Pada konteks kepemimpinan bernegara moral dan integritas adalah faktor penentu seseorang akan melakukan kejahatan korupsi atau tidak

Krisis upaya preventif aparat penegak hukum menunjukkan runtuhnya integritas pejabat negara dari kekuasaan eksekutif, legislatif, dan yudikatif, menjadi potret hitam bagi masa depan penegakan hukum di negeri ini. Hukum yang digadang-gadangkan sebagai alat penguatan moral dan integritas tak kunjung mampu menindak-lanjuti diskursus tentang perbuatan skandal korupsi.

Setiap lembaga independen Komisi Pemberantasan Korupsi (KPK) melakukan operasi tangkap tangan (OTT) terhadap tingkah laku pemimpin negeri yang berprilaku koruptif. Faktornya adalah dilema integritas, tak lepas dari prilaku korupsi atau suap yang dilakukan oleh Kepala Daerah, Hakim, Jaksa, Panitera, dan Anggota Dewan Perwakilan Rakyat, baik yang tertangkap itu pada tingkat pusat maupun daerah. Integritasnya bermasalah.

Dari sekian banyak perkara korupsi yang sudah ditangani oleh KPK mulai tak terhitung jumlah tersangkanya, mayoritas tersangka yang memasuki rumah tahanan KPK adalah pejabat negara yang mengalami krisis pengamalan moral dan integritas, sehingga secara mendasar korupsi dianggap sesuatu yang sangat lumrah terjadi di suatu negara. Sebab korupsi dan negara adalah suatu hal yang tidak terpisahkan.

Dalam konteks kehidupan berbangsa dan bernegara masyarakat tidak hanya membutuhkan kapasitas pemimpin atau pejabat negara yang mempunyai intelektualitas yang tinggi. Namun, sebaliknya masyarakat dalam kehidupan bernegara membutuhkan pejabat negara yang mempunyai prinsip serta sikap yang mampu menjunjung tinggi moral, integritas, dan menyadari akan ketaatan hukum.
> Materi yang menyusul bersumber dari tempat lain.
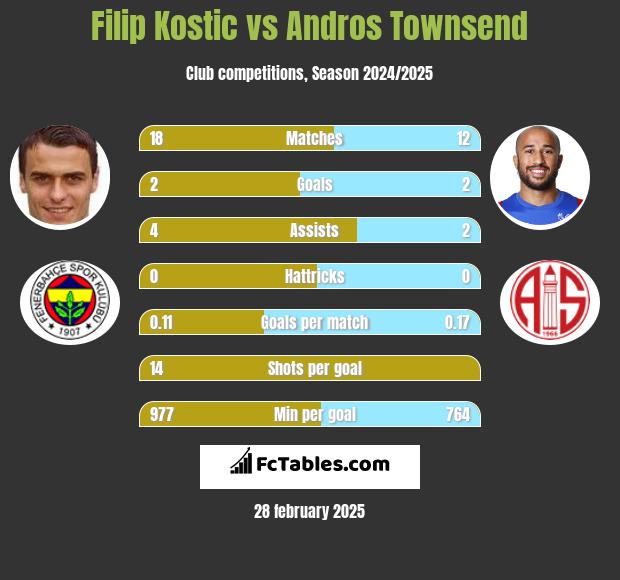 Filip Kostic vs Andros Townsend h2h player stats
Sebab itulah apabila kita mencermati kondisi penegakan hukum di negeri ini cukup maksimal, hanya saja kini diskursus korupsi semakin membabi buta di berbagai lini kekuasaan, sehingga masyarakat cenderung menyalahkan sistem yang sudah ada. Padahal sebenarnya sistem regulasi atau hukum kita sudah cukup baik untuk ditegakkan.